▶ [Task details]: All lines in the data that hold the word "Slip" need copying.

*** The data Section Begins ***

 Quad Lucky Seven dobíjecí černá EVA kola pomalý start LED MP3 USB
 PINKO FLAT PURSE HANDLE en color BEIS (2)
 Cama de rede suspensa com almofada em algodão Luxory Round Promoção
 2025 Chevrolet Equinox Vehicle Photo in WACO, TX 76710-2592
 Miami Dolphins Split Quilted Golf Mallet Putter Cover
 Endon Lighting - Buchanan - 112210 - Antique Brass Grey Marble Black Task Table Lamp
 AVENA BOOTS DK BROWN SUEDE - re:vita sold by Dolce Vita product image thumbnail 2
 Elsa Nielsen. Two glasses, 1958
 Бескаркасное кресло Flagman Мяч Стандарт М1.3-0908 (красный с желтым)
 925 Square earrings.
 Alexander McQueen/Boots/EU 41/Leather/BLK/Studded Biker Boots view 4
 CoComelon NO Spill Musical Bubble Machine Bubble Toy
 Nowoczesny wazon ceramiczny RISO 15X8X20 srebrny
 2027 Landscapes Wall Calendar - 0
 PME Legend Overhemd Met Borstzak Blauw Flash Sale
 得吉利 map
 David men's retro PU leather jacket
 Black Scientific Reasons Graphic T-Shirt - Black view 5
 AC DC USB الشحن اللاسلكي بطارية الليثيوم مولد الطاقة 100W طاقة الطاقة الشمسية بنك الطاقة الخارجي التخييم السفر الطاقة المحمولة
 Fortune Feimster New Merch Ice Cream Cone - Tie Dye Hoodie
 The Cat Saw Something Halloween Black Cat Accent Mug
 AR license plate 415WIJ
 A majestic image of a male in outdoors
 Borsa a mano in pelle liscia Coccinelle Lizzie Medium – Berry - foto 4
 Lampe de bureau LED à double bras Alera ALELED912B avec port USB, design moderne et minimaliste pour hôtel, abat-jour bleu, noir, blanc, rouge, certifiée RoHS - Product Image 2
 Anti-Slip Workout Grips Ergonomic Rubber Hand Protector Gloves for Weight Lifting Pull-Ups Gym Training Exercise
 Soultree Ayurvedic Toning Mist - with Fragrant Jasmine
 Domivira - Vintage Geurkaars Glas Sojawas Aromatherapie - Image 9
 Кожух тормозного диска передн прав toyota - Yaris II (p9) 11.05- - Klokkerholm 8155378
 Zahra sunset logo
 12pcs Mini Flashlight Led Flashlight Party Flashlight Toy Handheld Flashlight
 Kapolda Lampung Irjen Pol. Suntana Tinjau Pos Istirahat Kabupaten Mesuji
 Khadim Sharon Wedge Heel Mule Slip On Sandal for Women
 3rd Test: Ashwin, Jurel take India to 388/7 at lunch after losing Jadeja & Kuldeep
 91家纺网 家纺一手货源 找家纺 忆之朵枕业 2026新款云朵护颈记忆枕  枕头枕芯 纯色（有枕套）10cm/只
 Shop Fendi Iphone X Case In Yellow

*** The data Section Ends ***

▶ [Task response]:
 Anti-Slip Workout Grips Ergonomic Rubber Hand Protector Gloves for Weight Lifting Pull-Ups Gym Training Exercise
 Khadim Sharon Wedge Heel Mule Slip On Sandal for Women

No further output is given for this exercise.